| Raw data |
----

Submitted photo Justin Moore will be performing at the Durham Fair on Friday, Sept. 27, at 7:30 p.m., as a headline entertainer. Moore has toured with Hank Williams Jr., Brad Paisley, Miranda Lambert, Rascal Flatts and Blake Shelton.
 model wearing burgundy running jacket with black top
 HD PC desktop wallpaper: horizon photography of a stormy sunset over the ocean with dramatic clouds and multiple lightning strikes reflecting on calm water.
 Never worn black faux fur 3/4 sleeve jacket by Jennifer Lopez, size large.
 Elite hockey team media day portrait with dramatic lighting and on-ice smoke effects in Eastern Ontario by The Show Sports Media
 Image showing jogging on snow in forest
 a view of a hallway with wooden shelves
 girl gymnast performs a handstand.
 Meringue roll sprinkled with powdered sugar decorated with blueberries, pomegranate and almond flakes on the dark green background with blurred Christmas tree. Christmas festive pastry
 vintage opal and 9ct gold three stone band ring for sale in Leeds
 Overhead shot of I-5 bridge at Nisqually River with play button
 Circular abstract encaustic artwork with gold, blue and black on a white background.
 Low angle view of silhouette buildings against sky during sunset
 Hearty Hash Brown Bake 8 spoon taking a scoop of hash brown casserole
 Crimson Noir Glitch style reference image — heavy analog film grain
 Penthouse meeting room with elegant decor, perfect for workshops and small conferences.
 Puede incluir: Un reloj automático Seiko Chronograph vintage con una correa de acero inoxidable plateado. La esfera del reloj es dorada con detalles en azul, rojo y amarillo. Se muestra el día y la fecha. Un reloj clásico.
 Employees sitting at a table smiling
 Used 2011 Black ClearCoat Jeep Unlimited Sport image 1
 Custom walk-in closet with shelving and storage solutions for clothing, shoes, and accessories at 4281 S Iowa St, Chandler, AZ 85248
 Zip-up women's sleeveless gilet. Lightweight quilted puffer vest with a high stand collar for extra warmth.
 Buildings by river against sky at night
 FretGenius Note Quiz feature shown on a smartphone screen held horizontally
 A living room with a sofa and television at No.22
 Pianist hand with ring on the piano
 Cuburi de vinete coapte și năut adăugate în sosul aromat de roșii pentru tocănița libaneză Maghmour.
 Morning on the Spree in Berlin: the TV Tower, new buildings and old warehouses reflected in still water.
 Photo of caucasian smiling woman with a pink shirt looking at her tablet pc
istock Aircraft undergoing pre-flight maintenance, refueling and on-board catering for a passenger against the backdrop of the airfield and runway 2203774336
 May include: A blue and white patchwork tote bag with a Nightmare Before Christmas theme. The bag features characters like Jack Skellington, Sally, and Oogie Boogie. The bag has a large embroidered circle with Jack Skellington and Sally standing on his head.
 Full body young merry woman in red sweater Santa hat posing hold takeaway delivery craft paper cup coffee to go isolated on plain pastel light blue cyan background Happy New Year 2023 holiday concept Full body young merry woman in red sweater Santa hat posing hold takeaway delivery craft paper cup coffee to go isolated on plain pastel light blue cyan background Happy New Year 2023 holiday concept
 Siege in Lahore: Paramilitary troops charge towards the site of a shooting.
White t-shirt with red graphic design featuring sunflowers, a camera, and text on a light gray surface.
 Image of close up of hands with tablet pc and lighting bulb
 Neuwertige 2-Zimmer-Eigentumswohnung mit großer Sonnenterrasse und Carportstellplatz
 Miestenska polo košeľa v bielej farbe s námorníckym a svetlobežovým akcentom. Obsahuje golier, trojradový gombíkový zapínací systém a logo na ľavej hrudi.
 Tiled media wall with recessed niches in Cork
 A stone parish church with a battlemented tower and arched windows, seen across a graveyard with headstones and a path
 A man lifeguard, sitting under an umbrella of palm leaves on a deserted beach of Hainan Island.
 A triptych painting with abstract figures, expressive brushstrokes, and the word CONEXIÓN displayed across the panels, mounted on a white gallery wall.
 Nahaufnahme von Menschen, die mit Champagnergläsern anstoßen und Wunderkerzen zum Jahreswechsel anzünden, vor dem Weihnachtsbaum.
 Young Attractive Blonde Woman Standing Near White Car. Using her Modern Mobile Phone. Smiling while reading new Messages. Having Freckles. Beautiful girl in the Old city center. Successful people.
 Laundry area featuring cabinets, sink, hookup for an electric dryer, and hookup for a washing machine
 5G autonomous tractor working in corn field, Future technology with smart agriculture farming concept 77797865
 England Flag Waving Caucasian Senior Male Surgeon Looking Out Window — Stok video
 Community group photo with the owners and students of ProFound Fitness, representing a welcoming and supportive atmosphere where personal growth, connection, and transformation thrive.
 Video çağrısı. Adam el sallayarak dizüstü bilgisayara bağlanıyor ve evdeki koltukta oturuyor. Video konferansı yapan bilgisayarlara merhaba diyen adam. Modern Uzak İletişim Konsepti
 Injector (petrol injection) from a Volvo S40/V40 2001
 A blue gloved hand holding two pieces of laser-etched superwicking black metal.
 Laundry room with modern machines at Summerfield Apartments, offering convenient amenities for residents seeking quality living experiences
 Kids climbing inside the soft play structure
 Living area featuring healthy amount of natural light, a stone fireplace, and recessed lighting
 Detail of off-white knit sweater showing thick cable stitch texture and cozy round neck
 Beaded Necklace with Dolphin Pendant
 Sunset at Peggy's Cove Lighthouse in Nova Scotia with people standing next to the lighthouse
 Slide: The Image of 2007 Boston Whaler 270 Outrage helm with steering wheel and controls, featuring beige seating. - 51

----

| Directions |
Start at the line with "Beaded Necklace with Dolphin Pendant" and stop at the end of the records. Write those lines out exactly and add nothing.

| Problem solution |
 Beaded Necklace with Dolphin Pendant
 Sunset at Peggy's Cove Lighthouse in Nova Scotia with people standing next to the lighthouse
 Slide: The Image of 2007 Boston Whaler 270 Outrage helm with steering wheel and controls, featuring beige seating. - 51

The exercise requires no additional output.